On pourrait croire cette scène amenée comme un péché originel par un serpent que l'on suit dans les eaux de la prison (le film se passe juste après Katrina). Et pourtant c'est un acte de bravoure qui ouvre le film, et condamne en même temps le personnage. Le serpent n'était pas la Tentation, il n'était qu'un serpent. Tout le reste du film fonctionne par ce rabattement de la symbolique du mal (serpent, pari, sexe, drogue) sur une animalité toute bête, comique parfois, absurde souvent. Mais pas n'importe quelle animalité : la démarche est reptilienne, ondulante et à ras du sol.

Reptilien, ce Bad Lieutenant – escale à la Nouvelle-Orléans a bien l'air de l'être aussi dans sa narration. Pas de trajectoire courue d'avance, pas de descente en enfer en attendant le salut, notre mauvais lieutenant avance selon l'envie. Scènes de crime, retrouvailles avec son Eva Mendes de prostituée, paris auprès de l'ami bookmaker, équipée avec une bande de dealers, le serpent va où son instinct le porte. Le crime à résoudre n'obsède pas l'esprit du reptile, il tourne autour comme indifférent, puis s'y infiltre comme le ver dans la pomme, quand on le l'attendait plus.

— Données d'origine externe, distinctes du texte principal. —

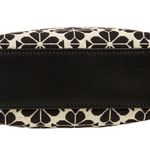 Kate Spade | flower jacquard mini Manhattan tote crossbody Photo 6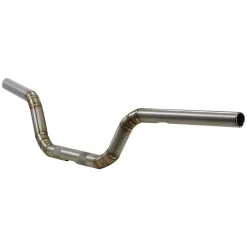 Arlen Ness - Raw Stainless Steel MX Moto Handlebar 5 Arlen Ness - Raw Stainless Steel MX Moto Handlebar -Next stop, Motorcycle riding. arlen ness raw stainless steel mx moto handlebar 91917.1690485124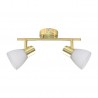 ML1061 Lampa sufitowa JOTA 2xE14 Milagro
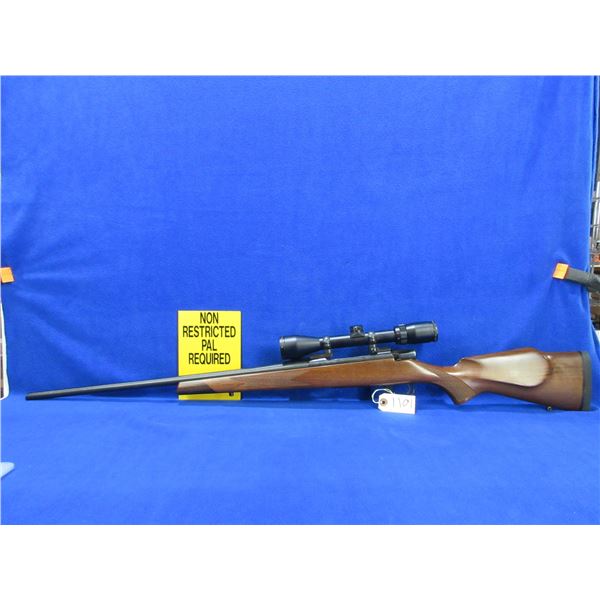 Non-Restricted - Weatherby Vanguard in 257 WBY MAG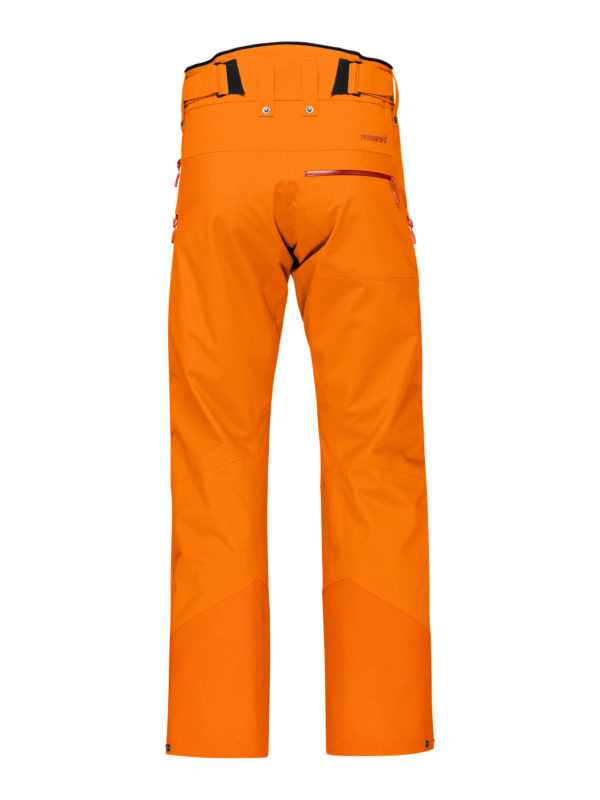 Norrona Lofoten GTX Pro Miesten Kuorihousut - Image 7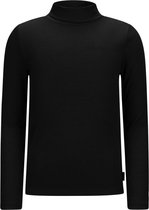 Retour Jeans Mirella Meisjes T-shirt - Black - Maat 146/152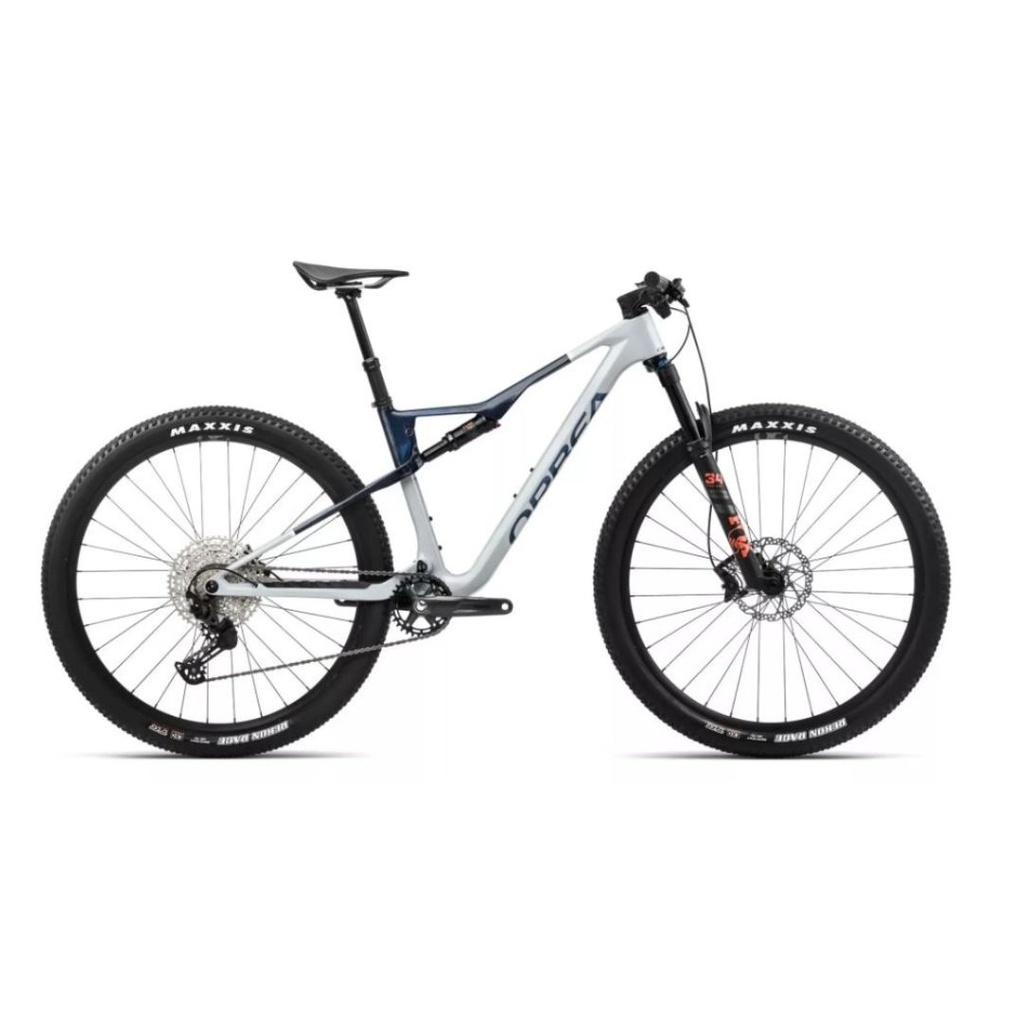OIZ M30 M SIL-BLU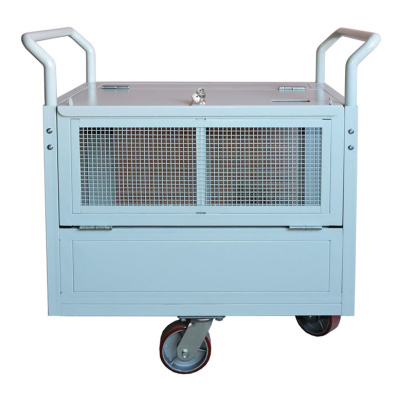 Тележка банковская ТС-1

Nicolas Cage est parfait. Son jeu fait de statures voutées, de grimaces et de rires hystériques est suffisamment fou pour nous porter vers quelque chose d'inhumain. Rien de plus naturel que la drogue pour ce personnage: en même temps qu'il fuit sa douleur, il retrouve son expression la plus primitive, la plus animale. Et c'est quelque chose dont s'amuse Herzog avec beaucoup de délectation et d'audace, quand il prête à sa caméra le point de vue hallucinatoire d'alligators ou d'iguane, en prenant l'excuse de la drogue. Car il y a aussi une dimension ludique dans ce film, le cinéaste jouant avec les différents tons, du policier très noir jusqu'à la pure comédie (le moment où le lieutenant est tiré d'affaire est traité de manière étonnamment enlevée, les personnages se succédant hilares à son bureau).

Par-delà le bien et le mal

Si l'enquête en elle-même n'occupe qu'une place secondaire dans l'intrigue de Bad Lieutenant version Herzog, c'est qu'il n'y a pas cette obsession du péché qu'il y avait dans le film de Ferrara. Le personnage joué par Harvey Keitel voyait sa vie totalement désaxée par un acte sacrilège (le viol d'une bonne soeur), dont il ne pourrait s'empêcher de porter la culpabilité, pour le pire et le meilleur. Pas de notion de bien et de mal, dans cette Escale à la Nouvelle-Orléans, simplement parce que ces valeurs n'ont pas lieu d'être dans le cycle naturel qui régit cette jungle. A l'image, cela fait que l'enquête est dépouillée d'une part de sa violence, dans le découpage, dans les couleurs – pour quelque chose de plus sombre peut-être, mais de plus atténué.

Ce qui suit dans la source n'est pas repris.